[[ DATASET EXCERPTS, beginning ]]

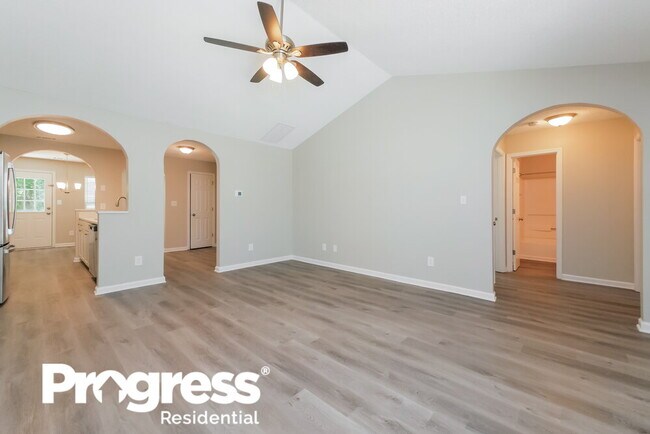 Building Photo - 5025 Meadow Trace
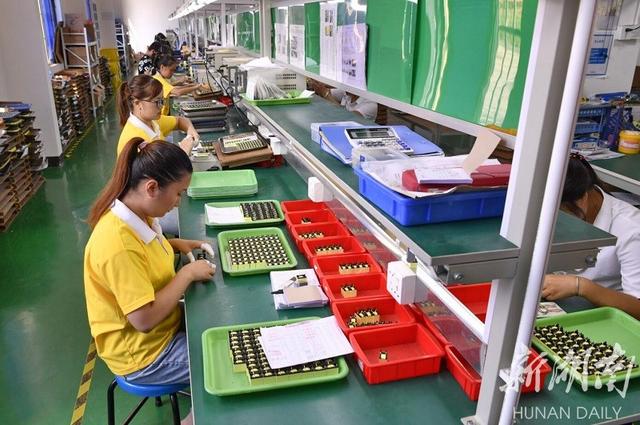 决战决胜脱贫攻坚山海相牵（走向胜利决战决胜市州巡礼）(8)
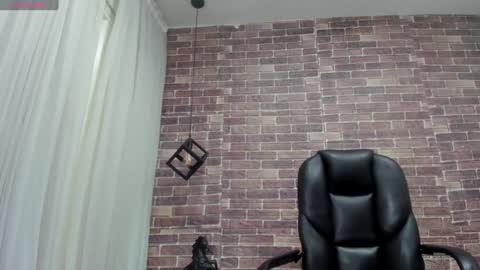 Adam online show from December 18, 7:04 am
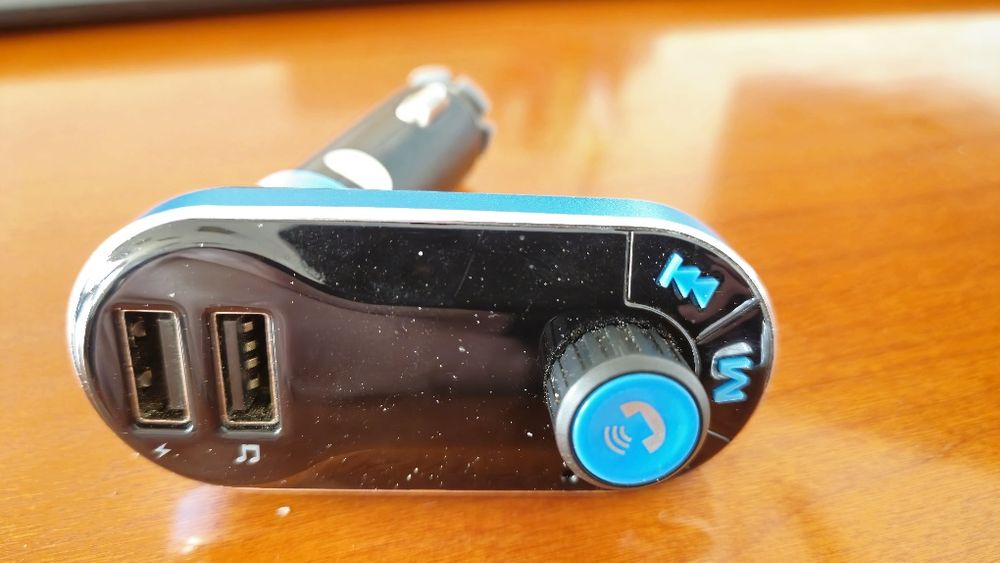 FM-05BT Transmiter samochodowy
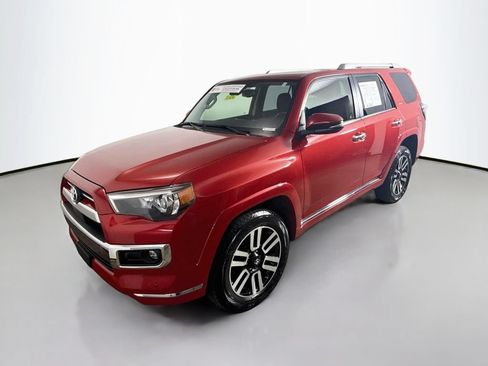 Used 2021 Toyota 4Runner Limited AWD/4WD image 3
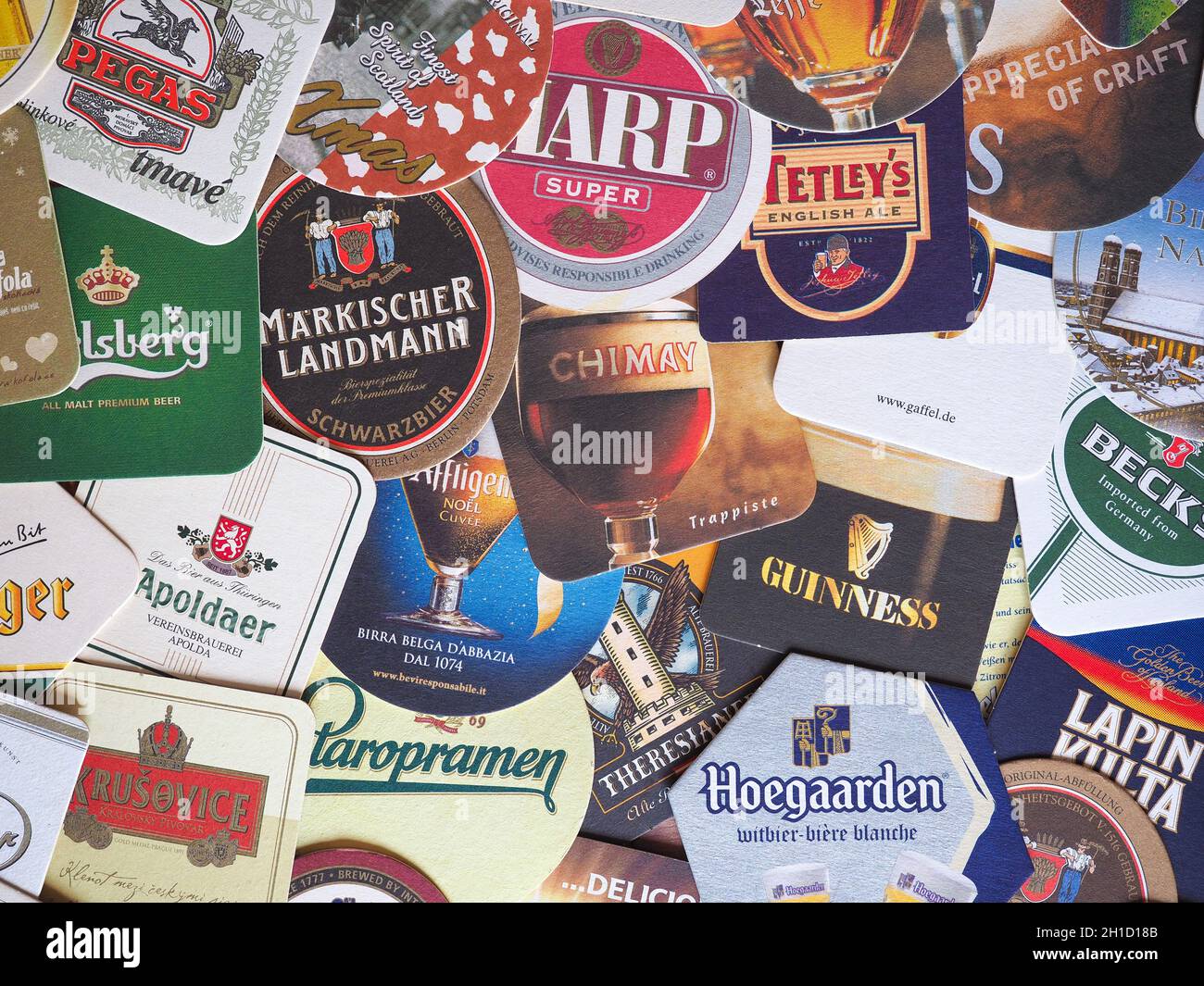 LONDON, Großbritannien - 10. MÄRZ 2020: Biermatten verschiedener Marken Stockfoto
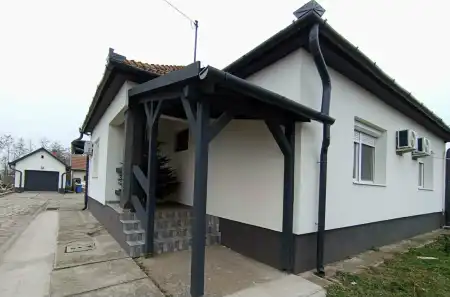 eladó családi ház, Csány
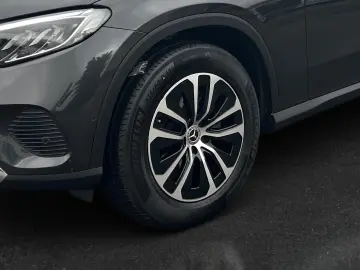 MERCEDES-BENZ GLC 220 d 4M Avantgarde Pano Memory Kamera LED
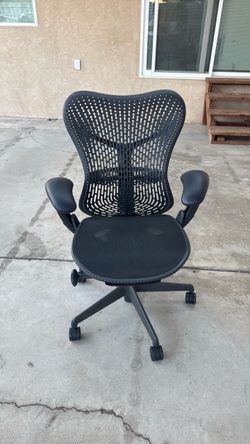 HERMAN MILLER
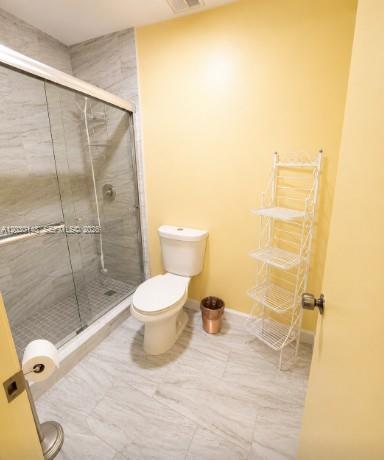 9013 Southwest 8th Terrace Miami, FL 33174 - Photo 12 of 28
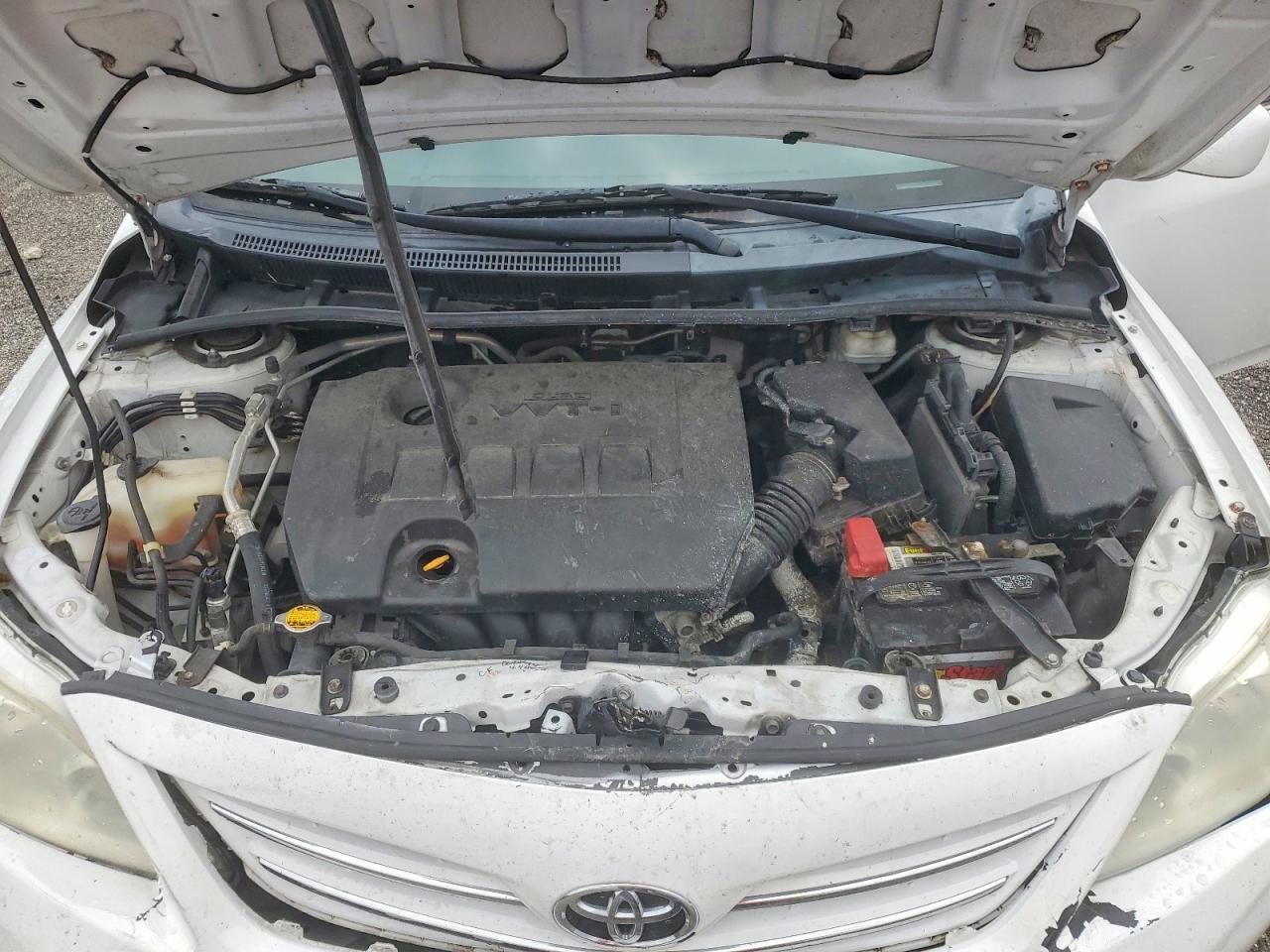2013 Toyota Corolla Le White vin: 2T1BU4EE6DC977261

[[ DATASET EXCERPTS, end ]]

EXERCISE DETAILS: Without the pictures, transcribe the lines from the one containing "FM-05BT Transmiter samochodowy" through the end of the data, exactly and only those.

TASK ANSWER:
 FM-05BT Transmiter samochodowy
 Used 2021 Toyota 4Runner Limited AWD/4WD image 3
 LONDON, Großbritannien - 10. MÄRZ 2020: Biermatten verschiedener Marken Stockfoto
 eladó családi ház, Csány
 MERCEDES-BENZ GLC 220 d 4M Avantgarde Pano Memory Kamera LED
 HERMAN MILLER
 9013 Southwest 8th Terrace Miami, FL 33174 - Photo 12 of 28
2013 Toyota Corolla Le White vin: 2T1BU4EE6DC977261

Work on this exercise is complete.